Il nostro pensiero tende, quindi, ad inquinarsi di fronte ai tentativi di interpretazione più spesso legati ad una nostra proiezione perdendo il contatto con il resto dei sensi che "ascoltano e sentono" il disegno in quella particolare relazione. L'intepretazione lascia sempre poco spazio alla relazione con il bambino cui forse andrebbe chiesto (nei diversi contesti in differenti modi) cosa vuole comunicare (e comunicarci) con il suo disegno. Nel setting della psicoterapia della gestalt si ricorda di come ha un senso nella comunicazione quando il paziente ci racconta un sogno in quel preciso istante, lo racconta al terapeuta che ne intuisce un'intenzionalità comunicativa. Allo stesso modo sono convinto che il bambino che decide di fare un disegno faccia altrettanto e vada reso protagonista di questo nella co-creazione di un significato condiviso. Un titolo, una storia, una metafora, un ricordo; questo può sostenere un nuovo significato.

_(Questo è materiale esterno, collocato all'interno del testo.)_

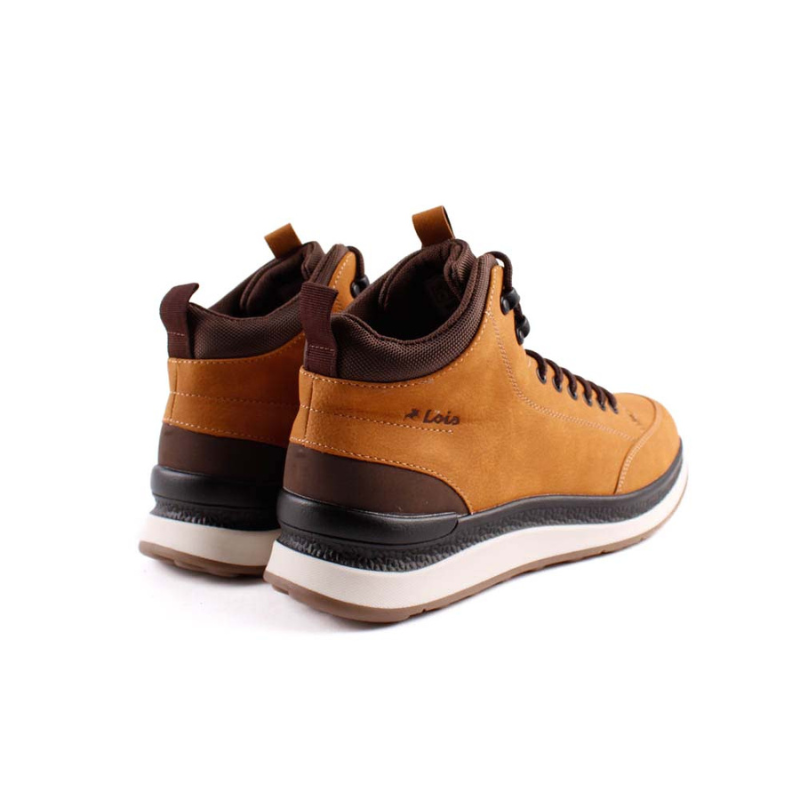 BOTA CORDONES MELOCOTON 64512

Cosa chiedere ad un bambino che ha appena terminato un disegno? Forse "come stai" (e come sto io, che emozioni provo, che sensazioni mi regala l'atto del disegnare) sarebbe la domanda più adeguata valorizzando il gesto artistico e creativo piuttosto che non il gesto grafo-pittorico (visto dal bambino come attività di performance) che potrebbe risentire maggiormente del livello di maturità o di predisposizione. In questo senso il disegno rappresenta una gestalt (unità) di diverse parti: il livello di sviluppo intellettivo, il livello di sviluppo emotivo, contenuti di variazione rispetto a tali sviluppi (tratto, contenuti, ordine, ecc.) e tutto più che interpretato andrebbe, a mio modesto parere, ricondotto all'esperienza delle relazioni del bambino. Troppo spesso, anche quando questo non ha senso rispetto alla situazione, il rischio è quello di dare più peso all'interpretazione del disegno che non allo slancio creativo con cui il bambino decide di esprimersi.
Credo che in una realtà così intepretativa si debba al momento giusto riconoscere un valore importante all'ovvietà che a volte dimentichiamo essere la parte più stupefacente della relazione e vera fonte di consapevolezza.